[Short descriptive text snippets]

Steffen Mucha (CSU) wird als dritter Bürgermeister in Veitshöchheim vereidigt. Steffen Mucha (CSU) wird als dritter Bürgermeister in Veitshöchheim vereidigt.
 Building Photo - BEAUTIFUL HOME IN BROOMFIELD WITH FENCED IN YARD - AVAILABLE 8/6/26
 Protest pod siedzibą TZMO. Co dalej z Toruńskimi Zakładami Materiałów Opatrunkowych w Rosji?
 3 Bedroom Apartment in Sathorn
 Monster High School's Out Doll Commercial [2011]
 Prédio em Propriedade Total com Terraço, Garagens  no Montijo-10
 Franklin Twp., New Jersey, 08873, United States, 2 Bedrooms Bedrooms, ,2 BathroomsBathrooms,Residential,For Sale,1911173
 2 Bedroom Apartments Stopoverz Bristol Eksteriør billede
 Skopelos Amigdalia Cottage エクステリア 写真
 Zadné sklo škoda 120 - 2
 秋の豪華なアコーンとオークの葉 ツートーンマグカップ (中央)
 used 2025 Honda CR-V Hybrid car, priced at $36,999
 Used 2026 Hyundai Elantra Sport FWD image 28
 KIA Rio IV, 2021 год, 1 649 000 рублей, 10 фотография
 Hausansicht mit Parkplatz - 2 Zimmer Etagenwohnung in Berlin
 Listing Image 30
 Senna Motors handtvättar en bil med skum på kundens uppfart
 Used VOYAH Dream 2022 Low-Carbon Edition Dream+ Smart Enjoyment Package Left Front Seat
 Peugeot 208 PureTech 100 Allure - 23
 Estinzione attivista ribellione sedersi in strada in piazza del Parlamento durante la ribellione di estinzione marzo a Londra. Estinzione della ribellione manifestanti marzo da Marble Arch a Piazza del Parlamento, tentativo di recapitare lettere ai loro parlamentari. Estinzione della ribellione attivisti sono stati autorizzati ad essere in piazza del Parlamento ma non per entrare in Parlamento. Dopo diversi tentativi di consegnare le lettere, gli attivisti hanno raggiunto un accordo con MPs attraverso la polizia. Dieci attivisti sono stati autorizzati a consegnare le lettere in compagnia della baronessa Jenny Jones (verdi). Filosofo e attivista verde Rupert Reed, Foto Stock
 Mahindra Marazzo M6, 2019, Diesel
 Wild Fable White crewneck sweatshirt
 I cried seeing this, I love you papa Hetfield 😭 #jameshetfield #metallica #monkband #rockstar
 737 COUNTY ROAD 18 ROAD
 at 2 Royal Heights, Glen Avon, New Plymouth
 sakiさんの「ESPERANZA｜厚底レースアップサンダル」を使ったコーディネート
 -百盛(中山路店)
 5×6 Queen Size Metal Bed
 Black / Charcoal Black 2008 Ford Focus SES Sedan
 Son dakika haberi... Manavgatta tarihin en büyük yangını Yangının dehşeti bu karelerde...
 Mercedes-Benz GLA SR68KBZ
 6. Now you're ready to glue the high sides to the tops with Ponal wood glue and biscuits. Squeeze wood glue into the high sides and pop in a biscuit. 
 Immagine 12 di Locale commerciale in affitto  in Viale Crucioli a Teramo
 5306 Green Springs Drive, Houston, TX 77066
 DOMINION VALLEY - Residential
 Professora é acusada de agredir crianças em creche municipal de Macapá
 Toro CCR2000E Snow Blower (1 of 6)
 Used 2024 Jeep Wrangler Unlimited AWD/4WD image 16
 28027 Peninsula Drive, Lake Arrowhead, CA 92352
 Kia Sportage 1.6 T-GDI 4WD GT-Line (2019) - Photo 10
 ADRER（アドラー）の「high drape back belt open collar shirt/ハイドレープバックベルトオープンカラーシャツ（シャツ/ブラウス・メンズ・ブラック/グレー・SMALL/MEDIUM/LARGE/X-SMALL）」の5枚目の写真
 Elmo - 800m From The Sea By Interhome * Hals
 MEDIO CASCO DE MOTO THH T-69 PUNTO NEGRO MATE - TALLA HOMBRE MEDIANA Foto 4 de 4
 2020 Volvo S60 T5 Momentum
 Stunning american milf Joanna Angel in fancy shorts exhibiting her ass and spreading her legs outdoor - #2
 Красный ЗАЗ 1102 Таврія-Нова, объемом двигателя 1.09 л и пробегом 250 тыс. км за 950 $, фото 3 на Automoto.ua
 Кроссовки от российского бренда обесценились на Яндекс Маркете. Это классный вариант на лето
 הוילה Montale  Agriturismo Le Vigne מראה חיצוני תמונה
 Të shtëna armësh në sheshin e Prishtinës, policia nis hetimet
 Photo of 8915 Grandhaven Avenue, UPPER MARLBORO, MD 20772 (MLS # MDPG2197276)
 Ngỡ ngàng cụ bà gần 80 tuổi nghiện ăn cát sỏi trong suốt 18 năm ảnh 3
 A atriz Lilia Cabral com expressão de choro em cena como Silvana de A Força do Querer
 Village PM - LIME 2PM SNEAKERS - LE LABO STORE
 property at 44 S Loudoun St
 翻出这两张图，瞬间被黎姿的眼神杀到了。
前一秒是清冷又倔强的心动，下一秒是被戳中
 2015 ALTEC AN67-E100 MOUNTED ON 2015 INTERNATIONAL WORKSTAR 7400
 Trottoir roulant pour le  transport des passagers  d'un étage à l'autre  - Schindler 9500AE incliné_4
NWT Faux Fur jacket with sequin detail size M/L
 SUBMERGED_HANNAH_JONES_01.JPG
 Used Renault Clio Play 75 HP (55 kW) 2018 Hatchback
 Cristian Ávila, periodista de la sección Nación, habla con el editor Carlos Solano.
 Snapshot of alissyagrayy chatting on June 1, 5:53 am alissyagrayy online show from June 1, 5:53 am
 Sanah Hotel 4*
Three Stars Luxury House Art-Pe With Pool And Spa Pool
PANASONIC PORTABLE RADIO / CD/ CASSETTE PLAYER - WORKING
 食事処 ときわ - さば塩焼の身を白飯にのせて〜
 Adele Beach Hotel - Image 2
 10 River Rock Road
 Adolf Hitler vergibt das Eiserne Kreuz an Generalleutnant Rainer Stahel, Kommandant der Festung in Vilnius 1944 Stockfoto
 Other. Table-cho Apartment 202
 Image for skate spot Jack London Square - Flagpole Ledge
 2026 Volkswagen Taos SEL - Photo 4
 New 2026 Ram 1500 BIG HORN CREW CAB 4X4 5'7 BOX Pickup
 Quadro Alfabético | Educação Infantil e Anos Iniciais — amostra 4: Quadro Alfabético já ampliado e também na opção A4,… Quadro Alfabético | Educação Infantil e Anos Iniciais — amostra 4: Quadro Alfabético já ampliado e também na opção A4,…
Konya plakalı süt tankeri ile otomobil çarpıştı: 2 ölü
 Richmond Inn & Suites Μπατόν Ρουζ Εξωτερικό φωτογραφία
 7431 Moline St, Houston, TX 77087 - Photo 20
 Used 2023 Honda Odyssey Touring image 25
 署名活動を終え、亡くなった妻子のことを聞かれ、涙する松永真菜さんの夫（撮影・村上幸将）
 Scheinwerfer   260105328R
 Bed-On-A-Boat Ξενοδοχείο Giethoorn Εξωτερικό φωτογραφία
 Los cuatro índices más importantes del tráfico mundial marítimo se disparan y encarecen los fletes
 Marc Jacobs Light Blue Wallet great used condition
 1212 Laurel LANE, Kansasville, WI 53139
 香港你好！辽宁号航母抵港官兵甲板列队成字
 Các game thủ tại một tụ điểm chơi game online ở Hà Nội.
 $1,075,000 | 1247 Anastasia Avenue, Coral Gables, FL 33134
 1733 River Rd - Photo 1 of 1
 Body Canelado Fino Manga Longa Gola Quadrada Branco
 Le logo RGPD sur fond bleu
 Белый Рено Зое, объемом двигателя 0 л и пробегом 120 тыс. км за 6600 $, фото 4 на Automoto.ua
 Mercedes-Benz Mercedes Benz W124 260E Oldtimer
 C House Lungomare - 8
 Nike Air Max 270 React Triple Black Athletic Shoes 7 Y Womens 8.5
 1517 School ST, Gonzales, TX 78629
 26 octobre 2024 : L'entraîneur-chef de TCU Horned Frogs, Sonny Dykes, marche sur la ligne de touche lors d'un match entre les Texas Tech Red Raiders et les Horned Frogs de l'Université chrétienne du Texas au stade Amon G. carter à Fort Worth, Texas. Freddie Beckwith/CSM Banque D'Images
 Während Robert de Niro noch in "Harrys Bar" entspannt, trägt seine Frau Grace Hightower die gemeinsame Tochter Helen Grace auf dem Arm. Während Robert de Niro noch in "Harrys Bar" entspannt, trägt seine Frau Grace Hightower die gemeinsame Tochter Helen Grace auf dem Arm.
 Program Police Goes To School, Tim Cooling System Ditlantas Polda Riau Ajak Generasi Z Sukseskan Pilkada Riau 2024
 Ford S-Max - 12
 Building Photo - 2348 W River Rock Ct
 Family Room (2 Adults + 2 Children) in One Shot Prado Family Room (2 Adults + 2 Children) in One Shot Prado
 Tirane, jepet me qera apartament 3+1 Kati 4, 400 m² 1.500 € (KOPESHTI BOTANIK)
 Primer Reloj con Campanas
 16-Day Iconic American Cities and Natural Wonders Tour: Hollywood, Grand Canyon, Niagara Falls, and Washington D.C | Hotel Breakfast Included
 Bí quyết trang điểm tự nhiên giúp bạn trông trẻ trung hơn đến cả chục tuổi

Work order
Beginning at the top of the entries above, output each line exactly, and end with the line in which "Skopelos Amigdalia Cottage エクステリア 写真" appears.

Finished task
Steffen Mucha (CSU) wird als dritter Bürgermeister in Veitshöchheim vereidigt. Steffen Mucha (CSU) wird als dritter Bürgermeister in Veitshöchheim vereidigt.
 Building Photo - BEAUTIFUL HOME IN BROOMFIELD WITH FENCED IN YARD - AVAILABLE 8/6/26
 Protest pod siedzibą TZMO. Co dalej z Toruńskimi Zakładami Materiałów Opatrunkowych w Rosji?
 3 Bedroom Apartment in Sathorn
 Monster High School's Out Doll Commercial [2011]
 Prédio em Propriedade Total com Terraço, Garagens  no Montijo-10
 Franklin Twp., New Jersey, 08873, United States, 2 Bedrooms Bedrooms, ,2 BathroomsBathrooms,Residential,For Sale,1911173
 2 Bedroom Apartments Stopoverz Bristol Eksteriør billede
 Skopelos Amigdalia Cottage エクステリア 写真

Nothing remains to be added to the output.